Yes, poop. Never in my wildest dreams did I imagine that becoming a mother meant that such an enormous amount of my time would be spent on poop. How much there is, how much there isn't, what it smells like, what it looks like, how often it appears, and my favorite - when it doesn't. Every mom I've talked to has a story about the time her child stopped pooping, and What Happened Next. These tales generally culminate in the Biggest Blowout Ever (my good friend's daughter had poop coming out of her sleeves!), but I managed to produce a kid who screams bloody murder if he misses one poop - thereby saving me from the grand finale.

Lucky, lucky me.

Monday, January 12, 2009

From accountant to human burp rag

Hello, you can call me mom. Please do, as a matter of fact, maybe that way I'll get used to hearing it.
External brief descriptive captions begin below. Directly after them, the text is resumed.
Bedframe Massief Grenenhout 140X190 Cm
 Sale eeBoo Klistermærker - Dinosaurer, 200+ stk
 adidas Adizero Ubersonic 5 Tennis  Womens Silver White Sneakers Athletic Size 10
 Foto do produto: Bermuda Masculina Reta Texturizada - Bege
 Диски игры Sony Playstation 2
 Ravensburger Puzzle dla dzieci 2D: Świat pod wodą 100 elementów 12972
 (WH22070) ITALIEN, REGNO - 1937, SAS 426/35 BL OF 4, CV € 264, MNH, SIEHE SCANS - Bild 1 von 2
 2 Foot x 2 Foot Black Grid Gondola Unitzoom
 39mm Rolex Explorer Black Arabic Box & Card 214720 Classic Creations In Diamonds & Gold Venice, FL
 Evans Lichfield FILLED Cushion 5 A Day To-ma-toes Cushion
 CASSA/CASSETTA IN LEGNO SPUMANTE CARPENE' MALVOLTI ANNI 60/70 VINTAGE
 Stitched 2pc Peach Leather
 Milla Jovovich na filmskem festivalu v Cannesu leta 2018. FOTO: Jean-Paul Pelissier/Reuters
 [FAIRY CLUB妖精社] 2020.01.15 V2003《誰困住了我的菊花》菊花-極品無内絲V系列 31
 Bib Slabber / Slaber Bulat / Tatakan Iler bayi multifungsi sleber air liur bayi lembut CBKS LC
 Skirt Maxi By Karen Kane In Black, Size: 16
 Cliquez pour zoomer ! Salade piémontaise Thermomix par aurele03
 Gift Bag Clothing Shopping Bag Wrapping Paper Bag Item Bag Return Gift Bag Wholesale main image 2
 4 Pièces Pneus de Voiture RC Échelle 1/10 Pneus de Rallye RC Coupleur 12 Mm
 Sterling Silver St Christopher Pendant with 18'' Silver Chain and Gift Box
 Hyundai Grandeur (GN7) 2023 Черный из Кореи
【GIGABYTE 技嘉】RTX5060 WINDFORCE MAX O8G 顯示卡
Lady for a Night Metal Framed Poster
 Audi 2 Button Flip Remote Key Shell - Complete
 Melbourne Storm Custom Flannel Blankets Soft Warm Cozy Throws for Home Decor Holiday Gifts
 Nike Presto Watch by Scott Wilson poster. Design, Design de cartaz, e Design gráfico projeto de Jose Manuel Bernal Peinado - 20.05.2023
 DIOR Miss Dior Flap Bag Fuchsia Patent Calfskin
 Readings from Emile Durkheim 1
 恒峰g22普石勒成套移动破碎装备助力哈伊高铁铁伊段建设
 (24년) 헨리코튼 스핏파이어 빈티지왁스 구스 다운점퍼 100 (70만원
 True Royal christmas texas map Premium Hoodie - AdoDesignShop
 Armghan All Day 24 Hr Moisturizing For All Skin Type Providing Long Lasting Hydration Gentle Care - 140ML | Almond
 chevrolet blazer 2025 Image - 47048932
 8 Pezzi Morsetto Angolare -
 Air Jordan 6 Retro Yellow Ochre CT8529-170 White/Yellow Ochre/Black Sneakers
I'm sure eventually I'll be whipping my head around in response to every "MOMMY!" heard across the grocery store, but for now my new boss is only (almost) four months old, and his highest form of communication is "scuuu-uh-uh-uh-REEEEEEECH!! Eh, eh, eh, eh, eeeeeeeee, oo, oo, oo, oo, mmmmMMMMmmmmmm". Now, I've had less intelligible exchanges over the years at work, so I'm not particularly bothered, but it will be nice when he can at least sort of communicate his needs so I'm not just guessing all the time.

Though I'm still technically on maternity leave, I am about to become a stay-at-home-mom, and I'm terrified. Not only will I miss the adult conversation, but I love my chosen profession. Also, our income will be cut nearly in half, and we have to some do major cutbacks and budgeting, but every time I look in my baby's eyes I know we're making the right decision. He needs mommy - not money.

Know anyone who wants to buy a townhouse? Maybe pay off my car? No? Bummer.